Before the Train to Budapest carries young Florentine journalist Amara right into the middle of the 1956 Hungarian uprising, her work takes her to Poland. Her job as a correspondent gives her the welcome opportunity to find out what happened to her childhood friend Emanuele Orenstein whom she last saw in 1939, when she was scarcely nine and he eleven years old. All the years that passed since, not even World War II and her marriage to a much older man let her forget the boy whose letters accompany her wherever she goes. He wrote them after his parents left Florence, where the father owned a small toy factory, to return to Vienna in Nazi Germany. The whole family were ardent Austrian patriots and convinced that their loyalty and family history would protect them from persecution for being Jewish, but they were wrong.
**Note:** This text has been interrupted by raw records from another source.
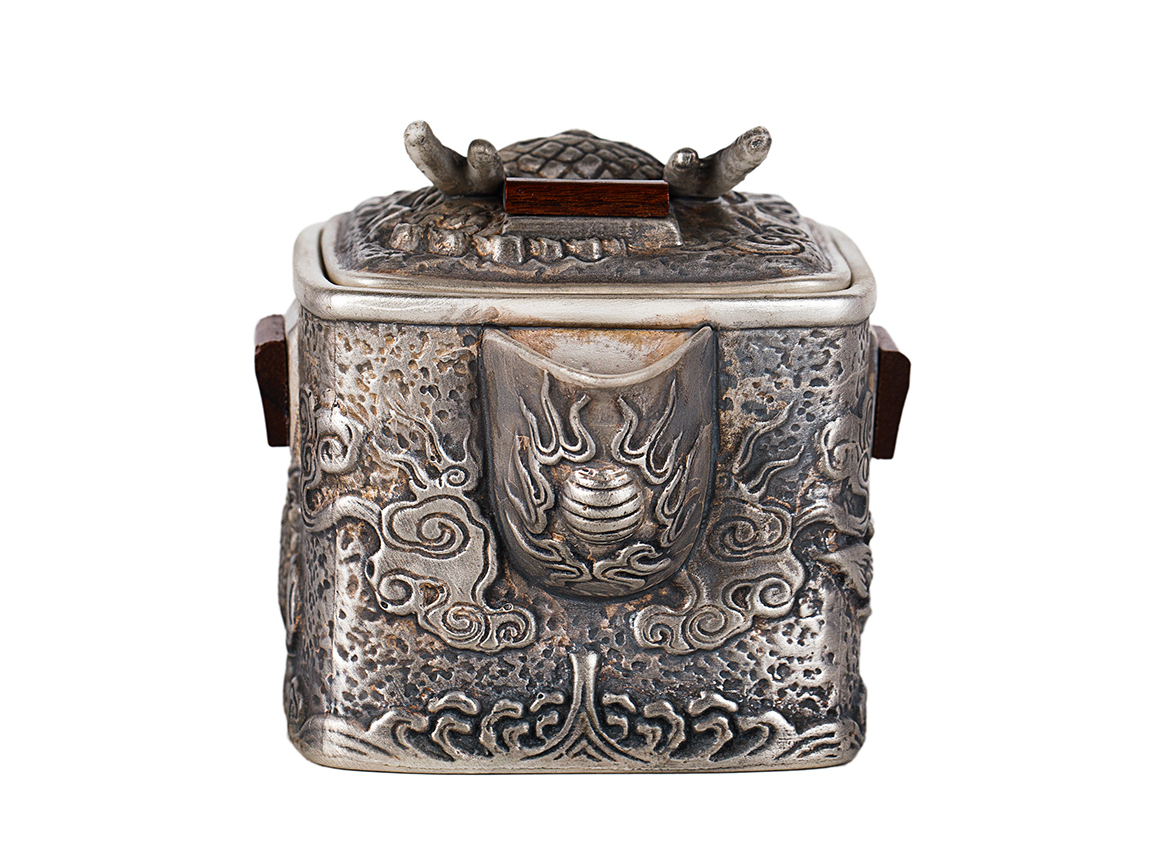 Чайник # 51604, глина/дерево, 125 мл.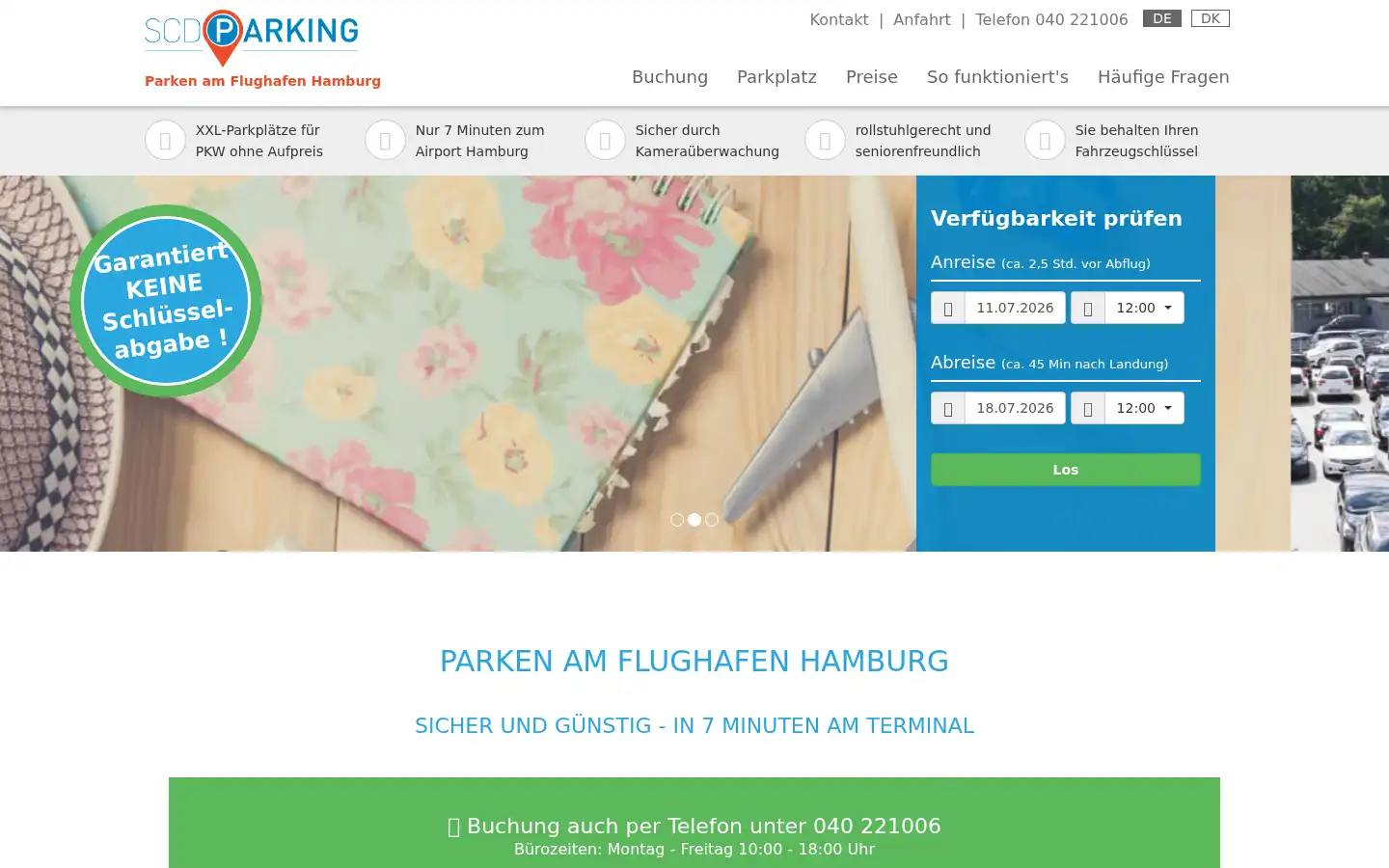 Screenshot of scd-parking.de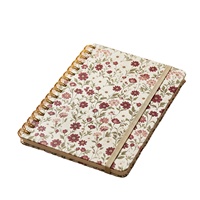 Carnet à spirale à reliure florale, carton blanc A5 épaissi de haute qualité, impression UV personnalisée, vente en gros, cadeau d'affaires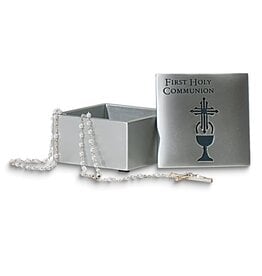 Reflections of Love First Holy Communion Rosary Keepsake Stone Resin Box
From February 1942 on, Emanuele’s letters arrived from the Jewish ghetto in Lodz in Poland and got scarcer and scarcer until they stopped at all. After the war someone sent her his last letters scribbled into an exercise-book. Otherwise, she has no news of him, and yet, she feels that he might still be alive. In the archives of the Auschwitz concentration camp she searches for traces of Emanuele because most people from Lodz were taken there in the end and finds nothing. Hans Wilkowsky, an acquaintance from the train to Poland, offers his help with the investigation and they decide to start in Vienna. There they track down some Orensteins, but none of them seems to have known Emanuele. Together with the librarian Horvath, Hans and Amara head for Poland once more, this time via Budapest, though, where the father of Hans lives and they end up in the turmoil of the uprising against Communist supremacy…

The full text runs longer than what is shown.